Quote Originally Posted by bloodtide View Post
Lots of games have 'characters vs nature', you have to cross a bridge over lava, for example. But if your playing with a storytelling DM, you need not even roll or anything. After all if you did roll bad and fell in the lava, you would know the DM would save you as "the DM is telling a story and does not want the story interrupted by random dice roll deaths.
I agree with you that "story" DMing has some problems and shouldn't be the only possible mode of play. I just don't like one-roll deaths.

For example, the classic poison needle trap, save vs poison or die. It's a solved problem. The solution is to constantly describe how you never touch anything with your hands, and if you're not playing a deathtrap dungeon that slows down the game needlessly. I've had to tell players more than once "there are no traps in this dungeon" just so they'd open the damn door before one of the other players fell asleep.

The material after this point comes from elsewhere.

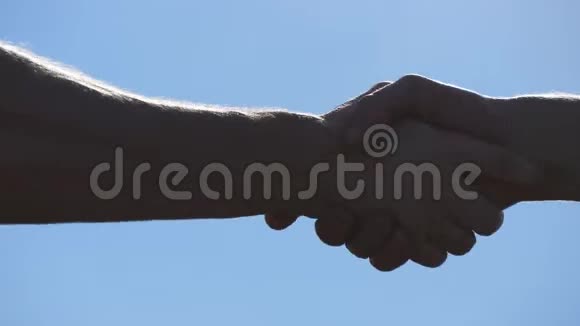 在蓝天背景下友好地握手两个无法辨认的肌肉白人男子户外男性手臂晃动二视频的预览图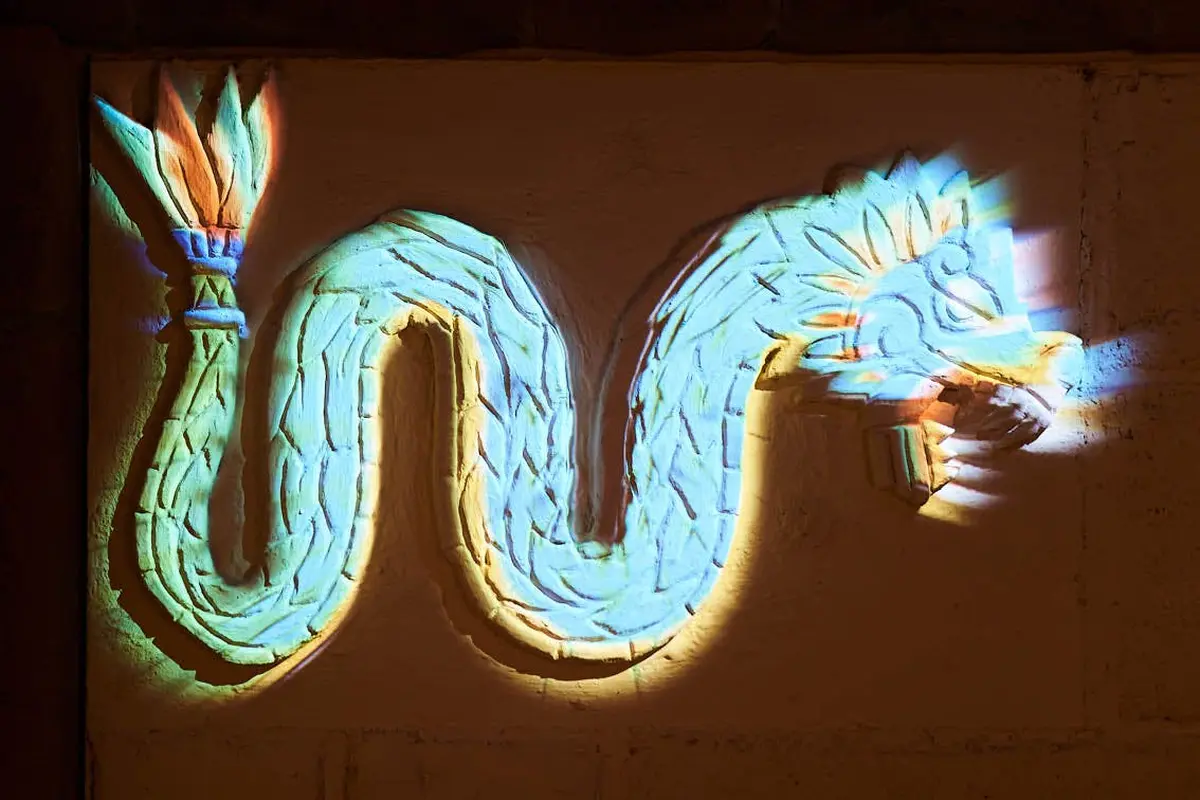 Art mural décoratif représentant un serpent à plumes coloré, aux motifs complexes et aux teintes bleues, jaunes et orange éclatantes.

Meatgrinder games teach players to play super cautiously. In any other kind of game that's tedious, and it's often hard to unteach. The rules should let meatgrinder work but it shouldn't just be assumed.

About your lava bridge, if one failed roll dumps the party in lava, the solution is not to roll. Fly over it, teleport, stone shape a bridge, find another path, come back next level, whatever. Rolling is a reasonable choice if one bad roll has a character hanging from a ledge by his fingers, then everyone gets one turn worth of actions to try to save him, THEN the character has to roll again or fall in. (The probability of falling in doesn't even have to be lower. Suppose the one roll has a 25% chance of failure, and the two rolls each have 50%.)